Love. You never loved me. How many times had she told him now, he wondered cynically. How many times had she thrown it in his face? No, he hadn’t loved her, not the way she’d wanted. Not like Galahad, Rhett Butler, or whatever ridiculous caricature of a man she’d imprinted in her childish mind.
It hardly mattered now anyway. Love was not the issue; Lucio was.
He smiled, broke the silence. ‘Yes, you,’ he said.

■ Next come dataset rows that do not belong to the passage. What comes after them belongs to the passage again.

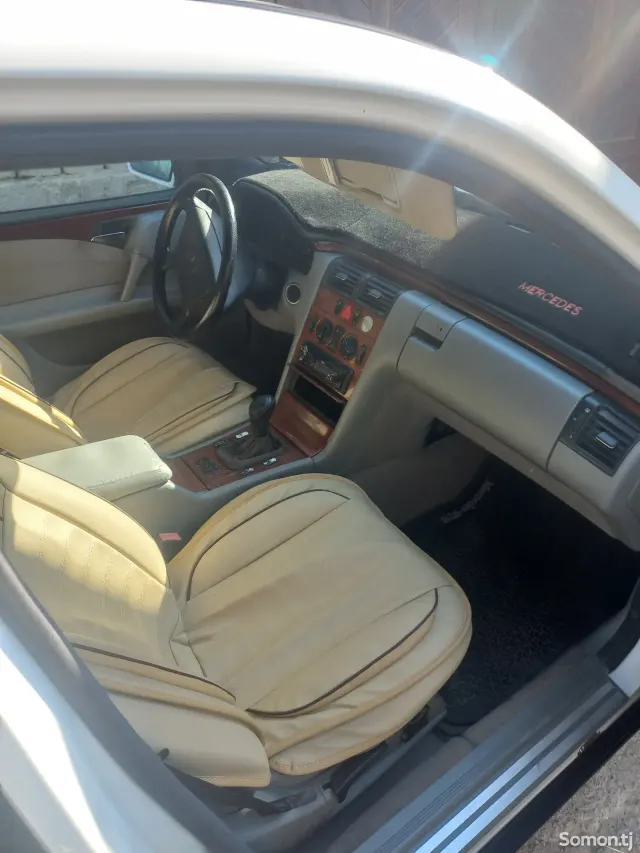 Mercedes-Benz E class 1998 · 2.2 MT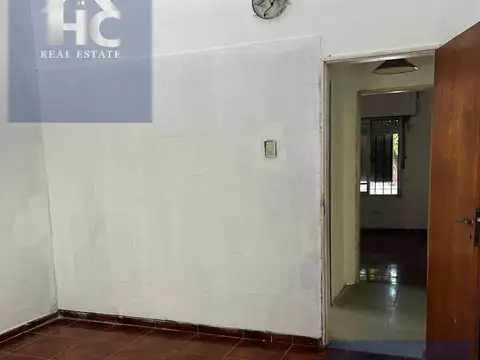 Casa en Venta con 4 cocheras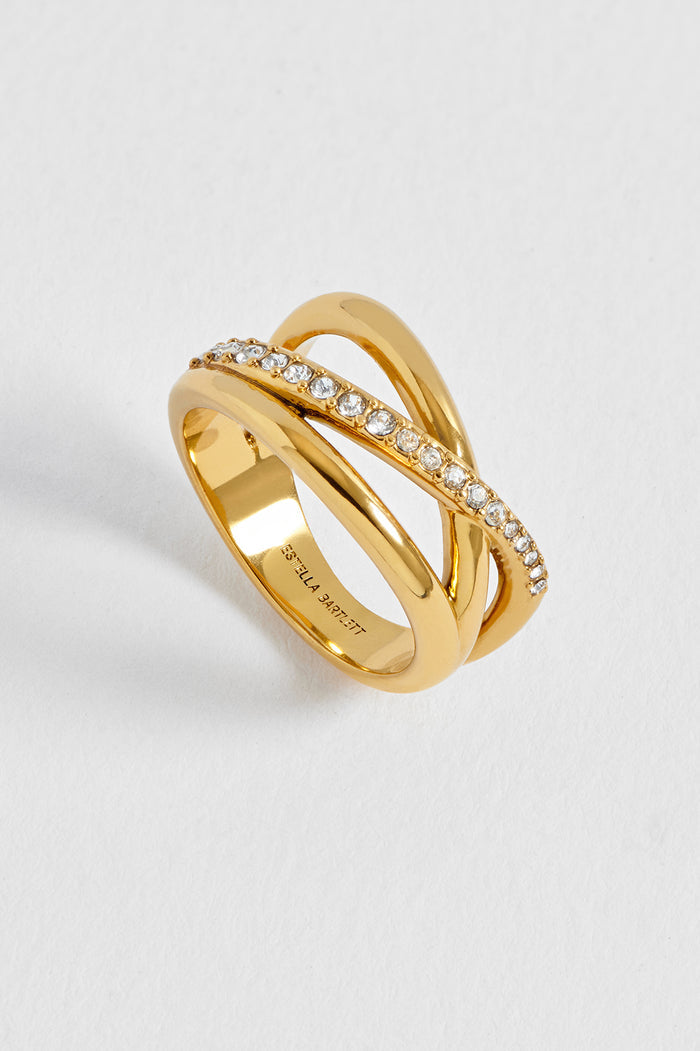 Twisted CZ Ring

Allegra blinked. Stared. She heard a buzzing in her ears. Felt it in her soul. ‘What do you mean?’ she finally said, though she’d heard what he’d said. She just couldn’t believe it.
‘I knew you would be at this wedding, and I wangled an invitation from your uncle. It wasn’t difficult. He was thrilled to be getting such a notable guest.’ His lips curved in a mocking smile that had Allegra gritting her teeth at his unshakeable arrogance.
‘Why?’ she whispered. ‘Why did you want to see me, Stefano?’
Stefano cradled his wineglass between his hands, staring into its ruby contents before he raised his head. His expression was stony, bleak. ‘Because I’ve been told you’re the best art therapist for children in this country.’
Allegra jerked back, startled. She hadn’t expected that. What, a mocking little voice asked, did you expect? For him to declare that he’d missed you? Loved you?
‘I think that’s overstating the case rather a lot,’ she said after a moment. ‘I’ve only been qualified for two years.’
‘The doctor I spoke to in Milan recommended you unreservedly.’
‘Renaldo Speri,’ Allegra guessed. ‘We corresponded regarding a case I had, a boy who had been misdiagnosed with autism.’